Working from the top of the listing below, retype each line through the line containing "Silver Ladies Bracelets", both included, with no pictures.
----------------
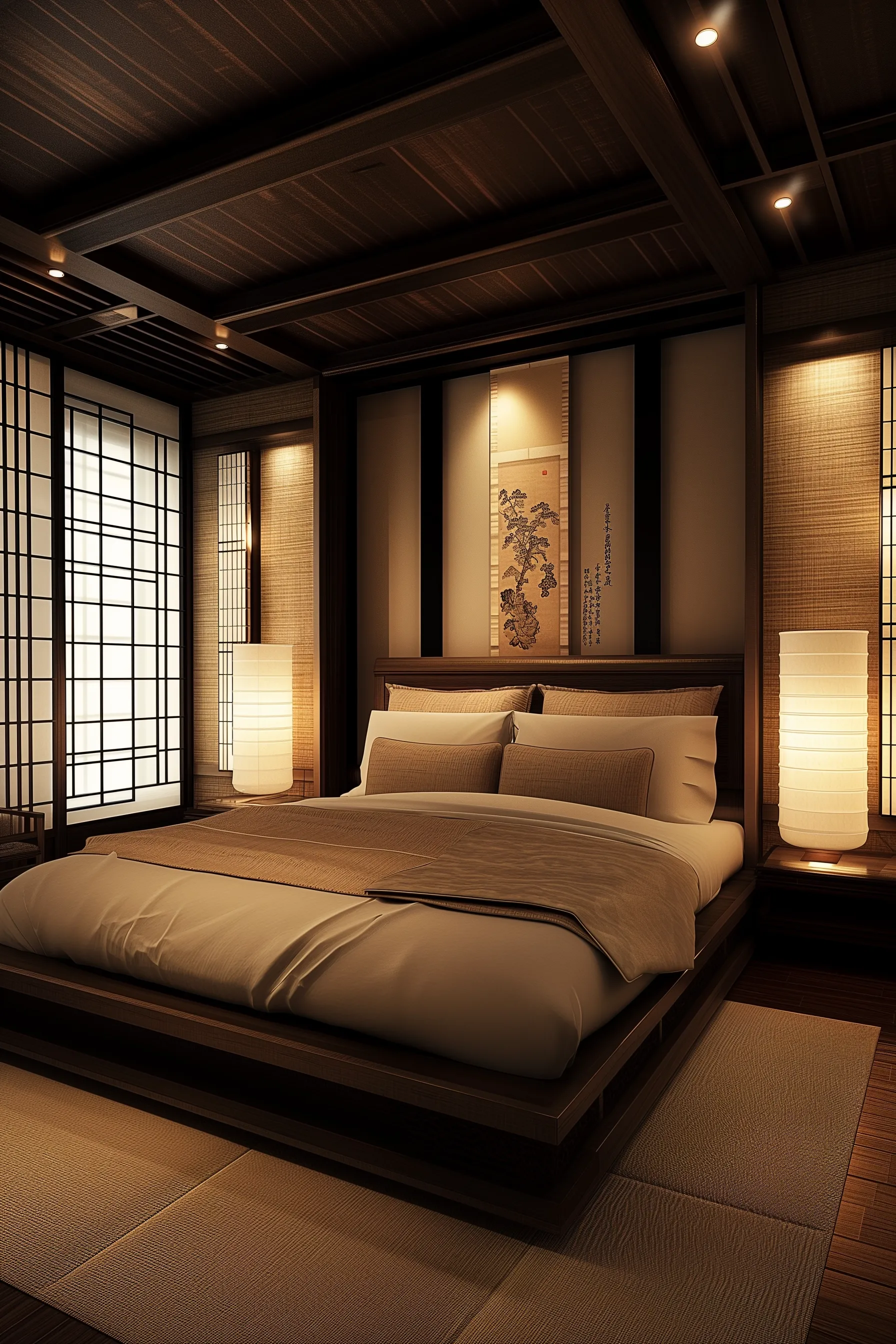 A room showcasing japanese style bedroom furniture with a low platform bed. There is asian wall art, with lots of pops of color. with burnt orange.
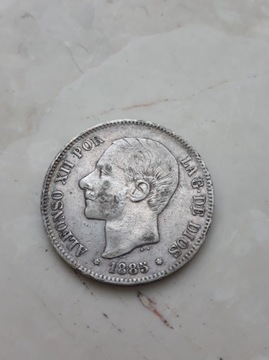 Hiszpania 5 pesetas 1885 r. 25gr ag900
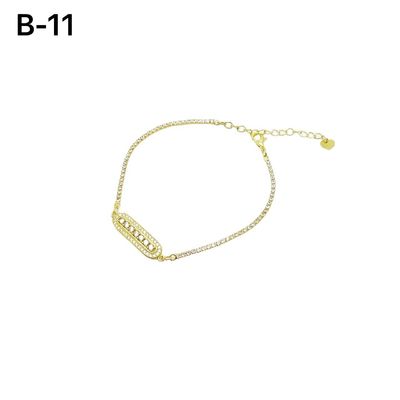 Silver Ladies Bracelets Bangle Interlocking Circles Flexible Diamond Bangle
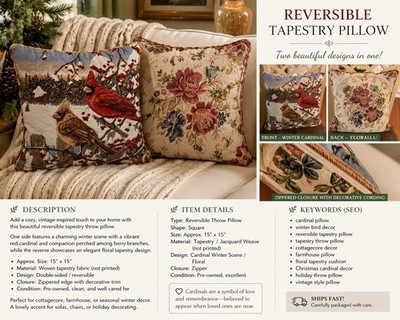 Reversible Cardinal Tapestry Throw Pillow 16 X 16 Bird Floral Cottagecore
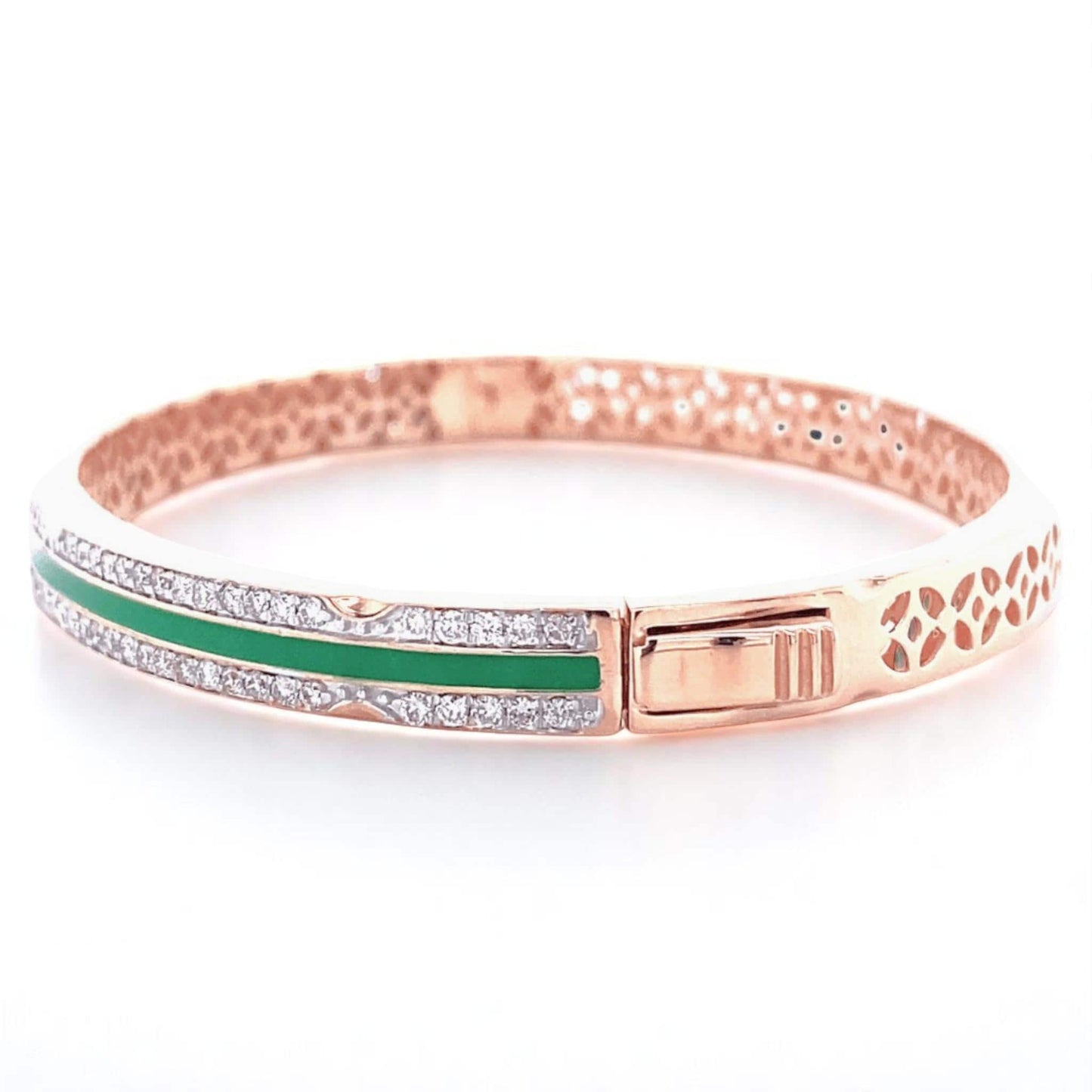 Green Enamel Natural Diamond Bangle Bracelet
----------------
§ **Solution to the problem**:
 A room showcasing japanese style bedroom furniture with a low platform bed. There is asian wall art, with lots of pops of color. with burnt orange.
 Hiszpania 5 pesetas 1885 r. 25gr ag900
 Silver Ladies Bracelets Bangle Interlocking Circles Flexible Diamond Bangle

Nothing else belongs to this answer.